1) The characteristic polynomial of a linear transformation does not depend on the choice of basis. Proof. (see (9.4)), but hence, . Thus, it does not depend on the choice of basis. This means that | A-λE| does not change when moving to a new basis.

2) If the matrix A linear transformation is symmetrical(those. and ij =a ji), then all roots of the characteristic equation (9.6) are real numbers.

Properties of eigenvalues ​​and eigenvectors:

1) If you choose a basis from the eigenvectors x 1, x 2, x 3 , corresponding to the eigenvalues λ 1, λ 2, λ 3 matrices A, then in this basis linear transformation A has a diagonal matrix:

(9.7) The proof of this property follows from the definition of eigenvectors.

2) If the eigenvalues ​​of the transformation A are different, then their corresponding eigenvectors are linearly independent.

3) If the characteristic polynomial of the matrix A has three various roots, then in some basis the matrix A has a diagonal appearance.

Let's find the eigenvalues ​​and eigenvectors of the matrix Let's create a characteristic equation: (1- λ )(5 - λ )(1 - λ ) + 6 - 9(5 - λ ) - (1 - λ ) - (1 - λ ) = 0, λ ³ - 7 λ ² + 36 = 0, λ 1 = -2, λ 2 = 3, λ 3 = 6.

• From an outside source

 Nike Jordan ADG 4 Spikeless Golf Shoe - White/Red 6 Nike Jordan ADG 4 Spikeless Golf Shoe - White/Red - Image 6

Let's find the coordinates of the eigenvectors corresponding to each found value λ. From (9.5) it follows that if X (1) ={x 1 ,x 2 ,x 3) – eigenvector corresponding λ 1 =-2, then

- joint, but uncertain system. Its solution can be written in the form X (1) ={a,0,-a), where a is any number. In particular, if we require that | x (1) |=1, X (1) =

Substituting into system (9.5) λ 2 =3, we obtain a system for determining the coordinates of the second eigenvector - x (2) ={y 1 ,y 2 ,y 3}:

, where X (2) ={b,-b,b) or, provided | x (2) |=1, x (2) =

For λ 3 = 6 find the eigenvector x (3) ={z 1 , z 2 , z 3}:

, x (3) ={c,2c,c) or in the normalized version

x (3) = It can be noticed that X (1) X (2) = ab–ab= 0, x (1) x (3) = ac-ac= 0, x (2) x (3) = bc- 2bc + bc= 0. Thus, the eigenvectors of this matrix are pairwise orthogonal.

Lecture 10.

Quadratic forms and their connection with symmetric matrices. Properties of eigenvectors and eigenvalues ​​of a symmetric matrix. Reducing a quadratic form to canonical form.

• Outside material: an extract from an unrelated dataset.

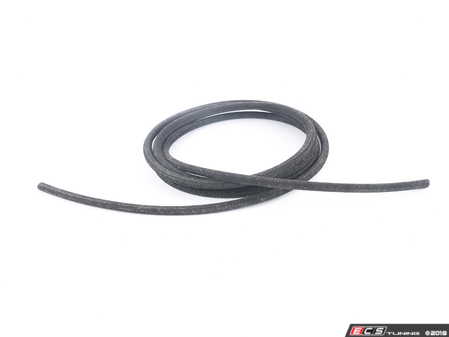 ES#9538 - fh7x3 - Black High Pressure Fuel Hose - 5 Meters  - 7.5mm ID, 13mm OD fue l / high pressure hose - Original Equipment Supplier - Audi Volkswagen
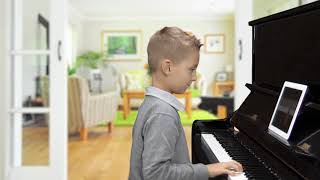 Video corso di pianoforte per bambini [upl. by Savill795]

Definition 10.1.Quadratic shape real variables x 1, x 2,…, x n is called a polynomial of the second degree in these variables that does not contain a free term and terms of the first degree.

Examples quadratic forms:

(n = 2),

(n = 3). (10.1)

Let us recall the definition of a symmetric matrix given in the last lecture:

Definition 10.2. Square matrix called symmetrical, if , that is, if the matrix elements that are symmetrical about the main diagonal are equal.

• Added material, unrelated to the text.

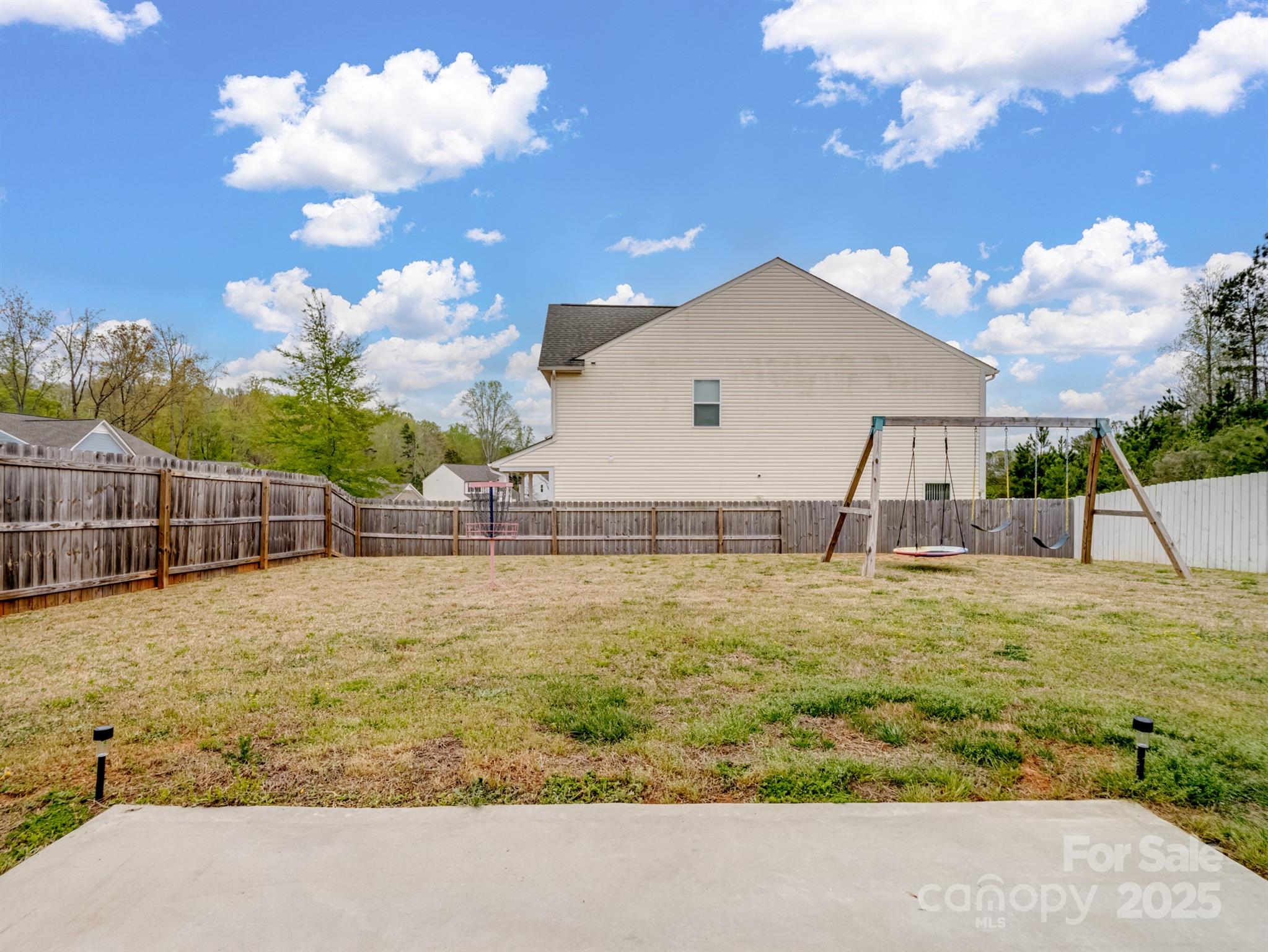 629 Gants Road York, SC 29745 - Photo 24 of 28 a view of a backyard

Properties of eigenvalues ​​and eigenvectors of a symmetric matrix:

1) All eigenvalues ​​of a symmetric matrix are real.

Proof (for n = 2).

Let the matrix A has the form: . Let's create a characteristic equation:

(10.2) Let’s find the discriminant:

Therefore, the equation has only real roots.

2) The eigenvectors of a symmetric matrix are orthogonal.

Proof (for n= 2).

The coordinates of the eigenvectors and must satisfy the equations.